■ What the task asks ■
Exclude the pictures and set down, unaltered, the lines from the one that holds "bridge over the" through the end of the data.

Items listed in a dataset:

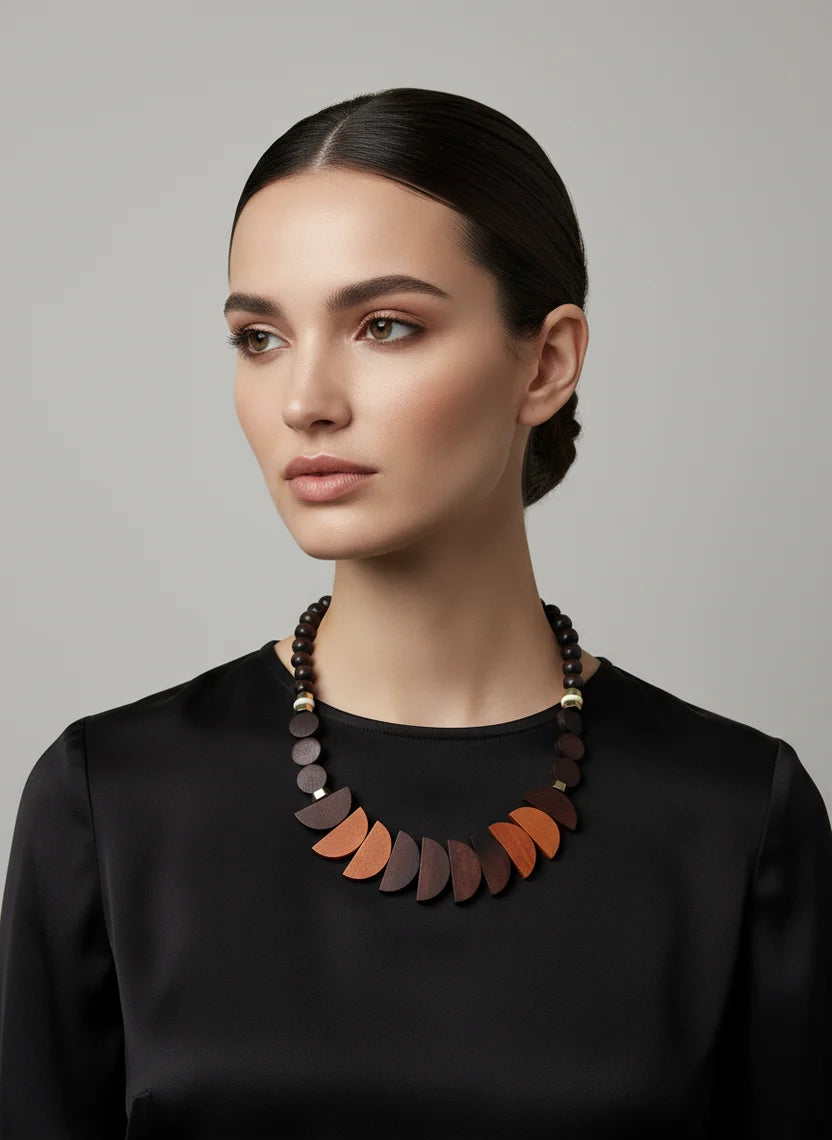 Woman wearing a black top and a colourful necklace against a grey background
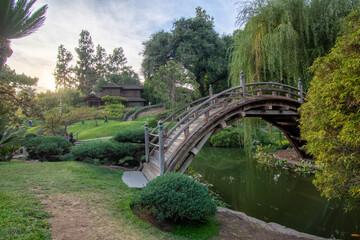 bridge over the river with Japanese temple in background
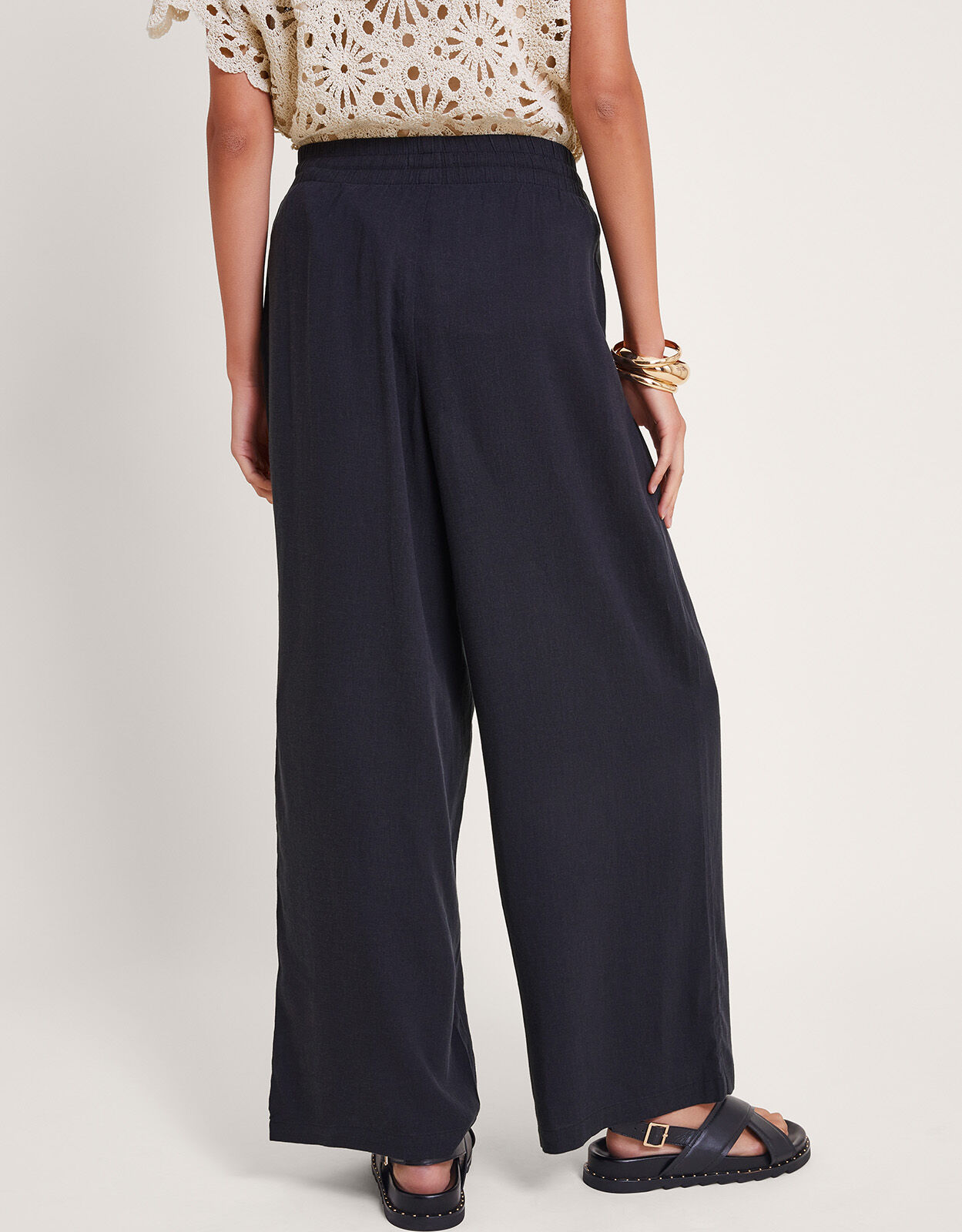 Black wide legged trousers top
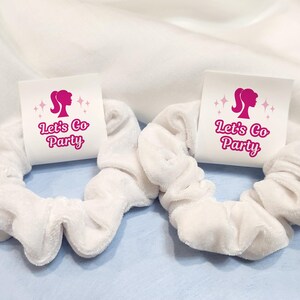 K&ouml;nnte beinhalten: Zwei wei&szlig;e Scrunchies mit rosa und wei&szlig;en Etiketten, auf denen "Let's Go Party" steht, mit einer rosa Silhouette eines Frauenkopfes auf jedem Etikett.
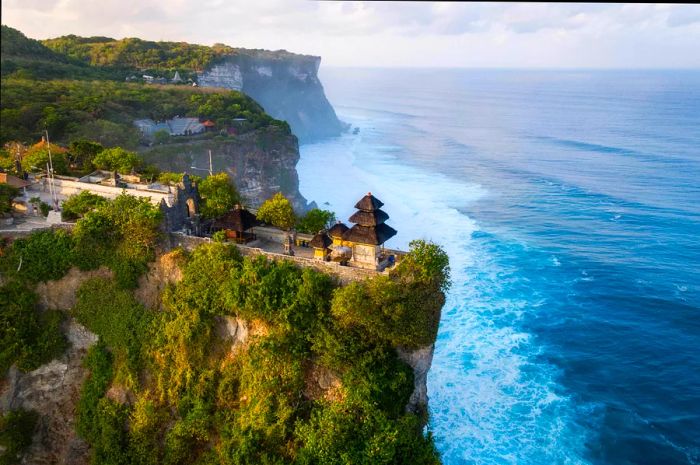 A clifftop temple overlooking the ocean on a bright sunny day.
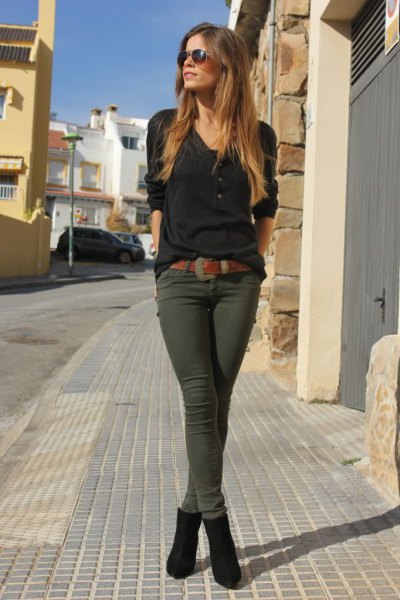 black t-shirt with V-neck and dark olive green drainpipe trousers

■ Solution to the problem ■
 bridge over the river with Japanese temple in background
 Black wide legged trousers top
 K&ouml;nnte beinhalten: Zwei wei&szlig;e Scrunchies mit rosa und wei&szlig;en Etiketten, auf denen "Let's Go Party" steht, mit einer rosa Silhouette eines Frauenkopfes auf jedem Etikett.
 A clifftop temple overlooking the ocean on a bright sunny day.
 black t-shirt with V-neck and dark olive green drainpipe trousers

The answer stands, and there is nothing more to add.